A pibes como el Chipi y los miles de Chipi que deambulan por los arrabales de la vida les dicen “San la Muerte”. Por esas flacuras extremas y esos rostros demacrados. Con los sueños vendidos al primer mercader de cada esquina.
Alguna vez, Pity Alvarez, de la banda Intoxicados, contó que “la pasta base puede ser tu patrona. No la puedo dejar y es un garrón. No soy libre. Se me van las ganas de hacer música y de acariciar a mis perros. No puedo parar y es como estar muerto”.
Eduardo Laborato, referente de Sedronar, advirtió –junto a las Madres del Paco- que “cuando hablamos de drogas, decimos que siete de cada diez niños con una adicción, muere”.
La muerte se los lleva demasiado pronto. Sin dejarles saborear de la vida los manjares más bellos. Jugar a la pelota. Saltar la soga. Treparse a un árbol. Desgajar una naranja y reirse a las carcajadas hasta que la panza duela. Comer un chocolate o correr bajo la lluvia hasta desfallecer de pura felicidad.

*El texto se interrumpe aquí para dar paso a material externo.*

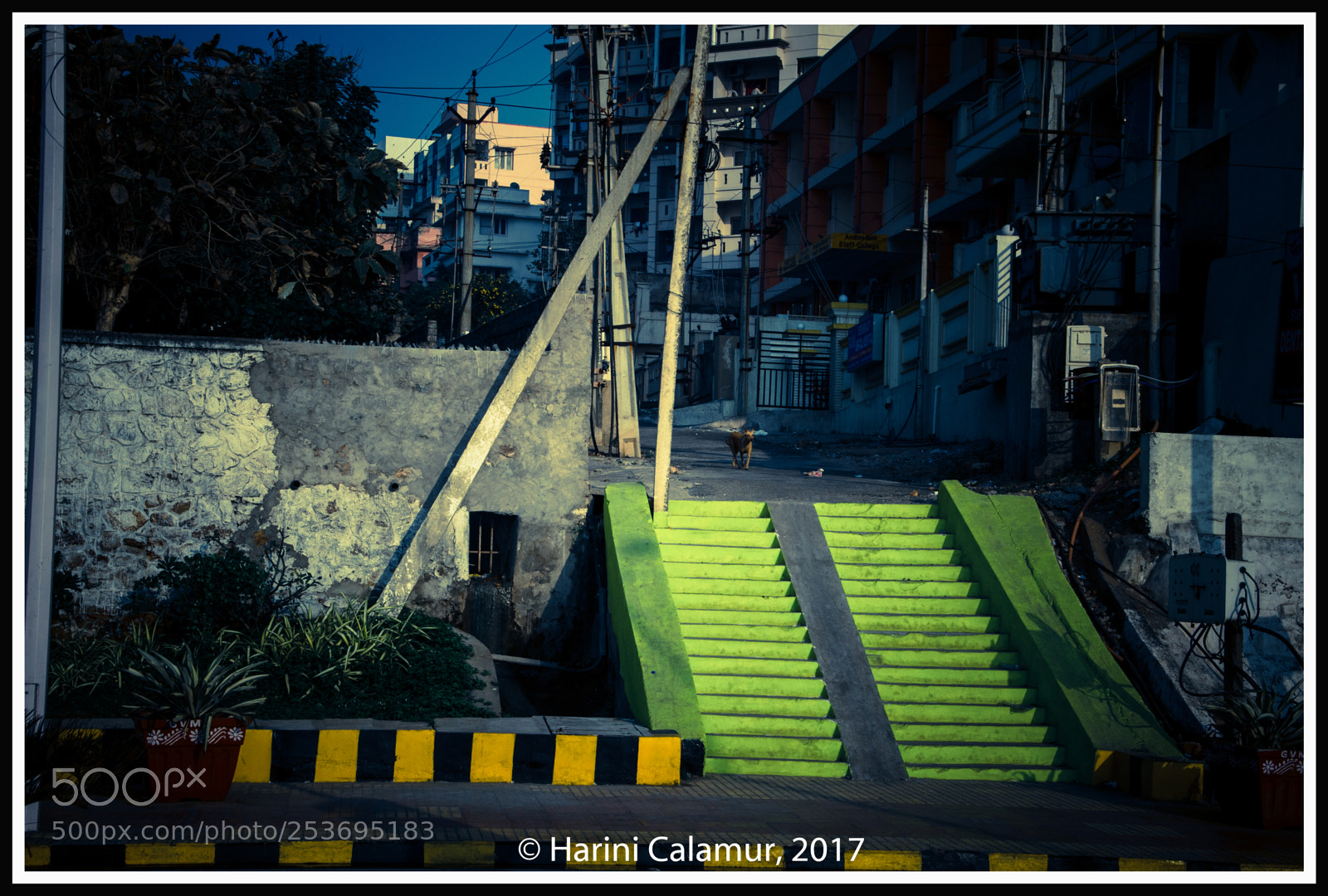 Nikon D7000 sample photo. Vishakapatnam beach road green photography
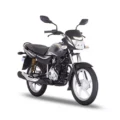 Bajaj Platina 110 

Siete de cada diez adictos no sabrán lo que es tener un hijo ni sabrán de utopías y de caricias. El Chipi puede ser uno de esos siete. Y él lo intuye. Por eso vuelve una y otra vez más sobre ese veneno maldito que le intoxica la sangre y le destruye las palabras y el pensamiento. Siempre regresa y esas ínfimas partículas le deshacen los pulmones hasta transformarlos en náuseas que buscan el afuera.
Son los excluidos de los excluidos. Las últimas piezas de un sistema se van derrumbando en un proceso de enorme violencia. Los 90 democratizaron en vastos sectores infinitas indignidades. Y se impuso un estado social en el que con extrema perversidad se asoció el círculo represivo y el disciplinamiento social. Se llenaron los barrios más pobres de esa droga barata y cruenta que fulmina a los pibes impiadosamente. Y la ecuación es perfecta: encerrarlos o matarlos. Con la bala o con la droga.
La socióloga Alcira Daroqui escribió que “se expanden el tráfico y el consumo de drogas en los sectores más pobres, lo que también puede ser entendido o al menos debería ser analizado como otra estrategia de gobernabilidad en clave de neutralización e incapacitación de esos sectores”.
Siete de cada diez. Setenta de cada cien. Setencientos de cada mil. Se van cayendo por los acantilados de la vida como las piezas de un dominó malvado parido bajo los efectos de la inequidad. Son los residuos. Los sobrantes. Los sin retorno. Son la resaca del sistema que es necesario desactivar sin miramientos. Y la disyuntiva es tajante: disciplinarse o morir.